La necesidad de volver a los primeros pasos
Estos cambios sufridos por la reforma procesal penal aparentan responder mayormente a demandas por más seguridad ciudadana. Sin embargo, la falta de un correlato empírico que las sustente y de una visión sobre sus consecuencias las convierte en iniciativas tremendamente cuestionables. En ese contexto, ciertas reformas al CPP y otros cuerpos normativos han significado un retroceso respecto de lo planteado al inicio de la reforma y una disminución en la eficacia de algunos de sus principios, poniendo en una situación de desequilibrio al imputado frente al Estado, mermando sus derechos y las posibilidades de actuación de la defensa.
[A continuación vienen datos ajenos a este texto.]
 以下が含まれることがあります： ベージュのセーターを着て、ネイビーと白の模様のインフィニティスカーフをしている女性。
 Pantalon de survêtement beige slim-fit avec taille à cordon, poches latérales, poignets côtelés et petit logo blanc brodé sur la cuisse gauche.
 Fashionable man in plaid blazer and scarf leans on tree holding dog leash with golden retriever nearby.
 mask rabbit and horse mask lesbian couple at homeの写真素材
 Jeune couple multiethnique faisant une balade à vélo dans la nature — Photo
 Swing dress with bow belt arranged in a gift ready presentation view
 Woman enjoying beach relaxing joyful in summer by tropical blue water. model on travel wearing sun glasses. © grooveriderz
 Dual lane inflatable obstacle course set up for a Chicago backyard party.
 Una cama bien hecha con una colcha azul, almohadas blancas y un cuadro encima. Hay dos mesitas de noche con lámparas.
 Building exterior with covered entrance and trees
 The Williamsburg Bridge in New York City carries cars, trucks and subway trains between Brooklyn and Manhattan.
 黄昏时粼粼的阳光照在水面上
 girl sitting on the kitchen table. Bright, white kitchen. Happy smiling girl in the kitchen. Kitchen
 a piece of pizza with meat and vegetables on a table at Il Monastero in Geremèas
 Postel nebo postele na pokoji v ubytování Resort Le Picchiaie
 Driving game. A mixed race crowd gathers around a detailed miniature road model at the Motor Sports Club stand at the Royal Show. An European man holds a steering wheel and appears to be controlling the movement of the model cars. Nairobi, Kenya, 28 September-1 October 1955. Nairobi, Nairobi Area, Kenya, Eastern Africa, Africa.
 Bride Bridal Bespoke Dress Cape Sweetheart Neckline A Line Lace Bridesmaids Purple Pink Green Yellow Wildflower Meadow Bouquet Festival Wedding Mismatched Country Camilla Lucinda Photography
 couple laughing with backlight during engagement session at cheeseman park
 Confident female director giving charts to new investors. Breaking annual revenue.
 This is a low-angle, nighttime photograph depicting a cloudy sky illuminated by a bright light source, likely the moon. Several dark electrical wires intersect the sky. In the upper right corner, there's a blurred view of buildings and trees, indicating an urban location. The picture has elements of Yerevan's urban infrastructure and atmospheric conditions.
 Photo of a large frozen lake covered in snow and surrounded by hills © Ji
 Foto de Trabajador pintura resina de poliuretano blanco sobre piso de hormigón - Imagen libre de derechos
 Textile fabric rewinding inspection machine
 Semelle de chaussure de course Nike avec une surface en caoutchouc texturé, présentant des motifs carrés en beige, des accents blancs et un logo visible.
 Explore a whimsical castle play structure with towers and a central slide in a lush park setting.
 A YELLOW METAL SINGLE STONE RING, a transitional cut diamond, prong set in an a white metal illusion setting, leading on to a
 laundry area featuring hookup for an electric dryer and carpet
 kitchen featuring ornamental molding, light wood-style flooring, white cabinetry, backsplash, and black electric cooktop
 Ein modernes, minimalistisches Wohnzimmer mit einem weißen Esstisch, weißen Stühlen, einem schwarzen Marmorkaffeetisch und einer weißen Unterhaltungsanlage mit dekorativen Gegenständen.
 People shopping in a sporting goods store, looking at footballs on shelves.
Por otro lado, los cambios también han presionado al sistema de justicia criminal a dar respuesta a problemáticas complejas que debieran ser abordadas desde una mirada más integral y multidisciplinaria, lo cual ha generado una serie de expectativas que al no poder ser cumplidas, merman la legitimidad del sistema y su correcto funcionamiento.
En materia de prisión preventiva, es preocupante ver cómo la evidencia muestra que las modificaciones al CPP y otras normas penales han ido lesionando gravemente el principio de inocencia al establecerse, por ejemplo, un sistema de presunciones de peligrosidad, contribuyendo a un uso irracional de esta medida cautelar, debilitando su carácter excepcional y de último recurso, acercándonos paulatinamente a las cifras y prácticas que existían en el viejo sistema inquisitivo.
A pesar de este panorama sombrío, desde el Congreso Nacional ha surgido una interesante moción de un grupo de Senadores que busca modificar el Código Procesal Penal la incorporación de criterios en la determinación de la prisión preventiva y así racionalizar su uso (Boletín N° 14.591-07). En términos generales, el proyecto propone perfeccionar los estándares de razonabilidad en su aplicación, asegurar que su determinación se haga en base a fines procesales y legítimos relacionados con el proceso penal en curso, e introduce disposiciones tendientes a controlar su duración, entre otras.
Sin perjuicio del destino que podrá tener este proyecto de ley, es una gran oportunidad para discutir seriamente este asunto y revertir las tendencias expuestas hasta aquí. En ese contexto, es fundamental detenernos a debatir sensatamente sobre el tipo de justicia penal que opera en la práctica y qué queremos para el futuro. Los posteriores ajustes al CPP debieran estar precedidos de un debate y un diseño apoyado en evidencias verificables sobre su funcionamiento, pero lo más importante es retomar aquellos principios y valores que construyeron la reforma procesal penal. Por ejemplo, en materia de prisión preventiva es imperativo volver a tomarnos en serio la proporcionalidad y evitar su transformación en una pena anticipada por la mera aplicación de cláusulas genéricas de peligrosidad social.
No hay que olvidar que la reforma procesal penal no solo significó un cambio en la forma de impartir la justicia penal, sino una verdadera revolución con el establecimiento de un catálogo de derechos y garantías que no existían en el sistema inquisitivo. Como diría Dworkin, estas son verdaderas “cartas de triunfo” frente a las decisiones arbitrarias o abusivas del Estado, por lo que es fundamental su defensa para mantenerlos vigentes.